Анна подлетела к койке и сгребла Сантен в охапку, сжимая ее изо всех сил, а та смеялась от радости в сокрушительных объятиях.

Уже после наступления темноты Джон Пирс постучал в дверь монашьей кельи.

– Генерал вернулся, мадемуазель де Тири. Я сказал ему, что вы здесь, и он желает поговорить с вами как можно скорее.

Сантен прошла следом за адъютантом по крытой галерее в большую трапезную, превращенную в полковой командный пункт. Полдюжины офицеров сосредоточенно изучали крупномасштабную карту, разложенную на одном из столов. Карта, словно дикобраз, выставивший иглы, ощетинилась цветными булавками; атмосфера в помещении была напряженной и наэлектризованной.

Когда Сантен вошла, офицеры взглянули на нее, но даже молодая и хорошенькая девушка не могла задержать их внимание более чем на несколько секунд, и они вернулись к своим обязанностям.

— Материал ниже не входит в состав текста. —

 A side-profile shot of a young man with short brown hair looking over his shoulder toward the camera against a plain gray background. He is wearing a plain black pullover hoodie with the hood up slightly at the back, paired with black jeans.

В дальней части помещения Шон Кортни стоял к Сантен спиной. Его мундир, сверкавший красными нашивками, знаками различия и орденскими планками, висел на стуле. Сюда же генерал взгромоздил обутую в сапог ногу и, облокотясь о колено, свирепо и грозно смотрел на трубку полевого телефона, откуда крякал какой-то слабый искаженный голос.

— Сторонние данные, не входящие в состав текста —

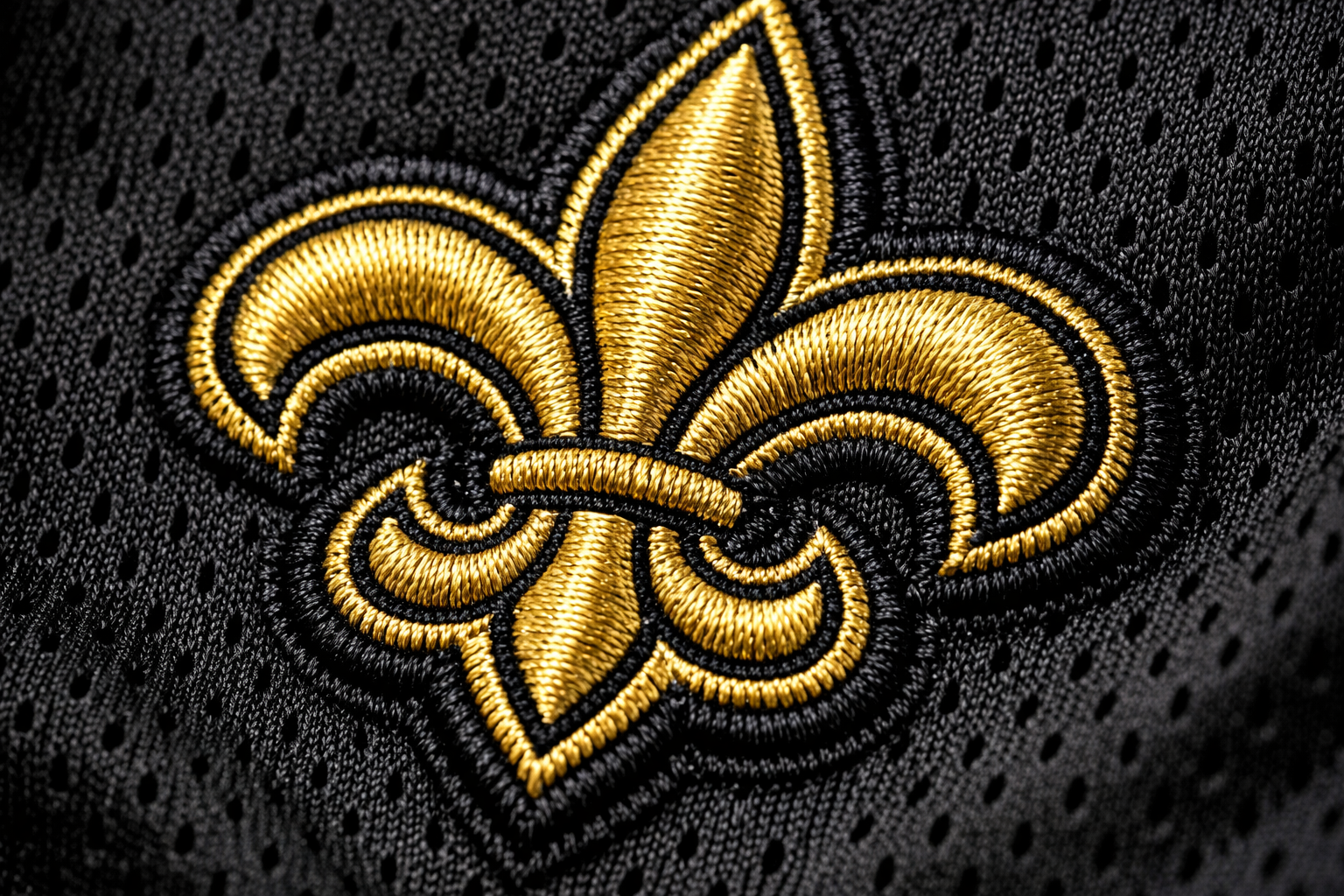 Macro close up of the gold stitched Fleur-de-lis logo on a Saints jersey.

На нем была шерстяная фуфайка, мокрая от пота под мышками, цветистые великолепно вышитые подтяжки декорированы на плечах оленями и бегущими гончими. Он пожевывал незажженную гаванскую сигару и вдруг заревел в полевой телефон, не вынимая сигары изо рта.

– Это совершеннейшее дерьмо! Я сам там был два часа назад. Я знаю! Мне нужны по крайней мере еще четыре батареи 25-фунтовых [95]95
  Калибр, примерно соответствующий 94 мм.


[Закрыть]
орудий на эту брешь, и нужны они мне до рассвета – не надо ни на что ссылаться, просто выполняйте и доложите мне, когда все будет сделано! – С шумом бросил телефонную трубку и увидел Сантен.

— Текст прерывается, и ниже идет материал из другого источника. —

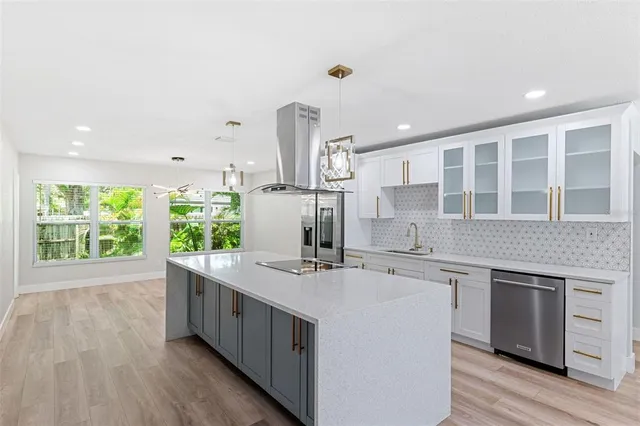 a kitchen with kitchen island granite countertop a sink stove and wooden cabinets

– Моя дорогая. Его голос изменился, когда он быстро подошел к ней и взял за руку. – Я беспокоился. Шато полностью уничтожен. Новая линия фронта проходит менее чем в миле позади него… – Замолчал и с минуту рассматривал ее. Вид Сантен успокоил его. – А твой отец?

– Убит во время артиллерийского обстрела.

– Я сожалею, – просто произнес Шон и повернулся к Джону Пирсу. – Проведите мисс де Тири ко мне в комнату. – А затем обратился к ней: – Я последую за вами через пять минут.

Комната генерала выходила прямо в главную трапезную, так что при открытой двери Шон Кортни мог лежать на своей походной кровати и наблюдать за всем, что происходило на его командном пункте. Помещение было скудно обставлено: всего лишь кровать и письменный стол с двумя стульями да личный запирающийся ящик у ножки кровати.

– Не присядете ли здесь, мадемуазель? – Джон Пирс предложил ей один из стульев. В ожидании Сантен оглядывала маленькую комнату.

Единственной достопримечательностью был письменный стол. На нем стояла откидная рамка для фотографий, с одной стороны которой на Сантен смотрела великолепная зрелая женщина, отличавшаяся смуглой еврейской красотой. В нижнем углу наискосок написано: «Возвращайся домой благополучно к своей любящей жене, Руфь».

На второй стороне рамки находился портрет девушки приблизительно возраста Сантен. Сходство ее с женщиной было очевидным – скорее всего, это мать и дочь, но красоту девушки портила печать вздорности и избалованности, красивый рот таил какой-то жесткий и жадный изгиб, и Сантен решила, что эта девушка ей определенно не нравится.

– Мои жена и дочь, – произнес Шон Кортни, появившись в дверях. Он надел свой мундир и застегивал его на ходу.

– Ты поела? – спросил, опускаясь на стул напротив Сантен.

– Да, благодарю вас. – Сантен поднялась и взяла серебряную коробку восковых спичек с письменного стола, чиркнула одной и подала ему, чтобы зажечь сигару. Он удивился, потом подался вперед и стал раскуривать сигару, откинулся на спинку и сказал:

– Моя дочь Сторм делает это для меня. Сантен задула спичку, снова села и подождала, пока Шон в тишине насладится первыми затяжками душистого дыма. Со времени их последней встречи генерал постарел или, возможно, просто очень устал.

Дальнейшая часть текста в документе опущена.